The coherent evolution of a molecular quantum state during a molecule-surface collision is a detailed descriptor of the interaction potential which was so far inaccessible to measurements. Here we use a magnetically controlled molecular beam technique to study the collision of rotationally oriented ground state hydrogen molecules with a lithium fluoride surface. The coherent control nature of the technique allows us to measure the changes in the complex amplitudes of the rotational projection quantum states, and express them using a scattering matrix formalism. The quantum state-to-state transition probabilities we extract reveal a strong dependency of the molecule-surface interaction on the rotational orientation of the molecules, and a remarkably high probability of the collision flipping the rotational orientation.
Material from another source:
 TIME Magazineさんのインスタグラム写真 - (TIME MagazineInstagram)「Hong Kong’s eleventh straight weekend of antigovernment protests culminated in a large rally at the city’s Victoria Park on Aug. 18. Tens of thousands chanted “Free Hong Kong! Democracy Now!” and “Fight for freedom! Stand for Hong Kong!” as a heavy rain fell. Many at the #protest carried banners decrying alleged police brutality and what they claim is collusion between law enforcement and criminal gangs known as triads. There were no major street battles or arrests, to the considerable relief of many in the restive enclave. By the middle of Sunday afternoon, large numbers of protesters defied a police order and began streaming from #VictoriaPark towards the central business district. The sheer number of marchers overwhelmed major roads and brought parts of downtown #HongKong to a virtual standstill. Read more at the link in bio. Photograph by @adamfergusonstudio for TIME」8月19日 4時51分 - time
The scattering matrix we obtain from the experimental data delivers an ultra-sensitive benchmark for theory to reproduce, guiding the development of accurate theoretical models for the interaction of H2 with a solid surface.

Suggested Citation

  • Yosef Alkoby & Helen Chadwick & Oded Godsi & Hamza Labiad & Matthew Bergin & Joshua T. Cantin & Ilya Litvin & Tsofar Maniv & Gil Alexandrowicz, 2020. "Setting benchmarks for modelling gas–surface interactions using coherent control of rotational orientation states," Nature Communications, Nature, vol. 11(1), pages 1-8, December.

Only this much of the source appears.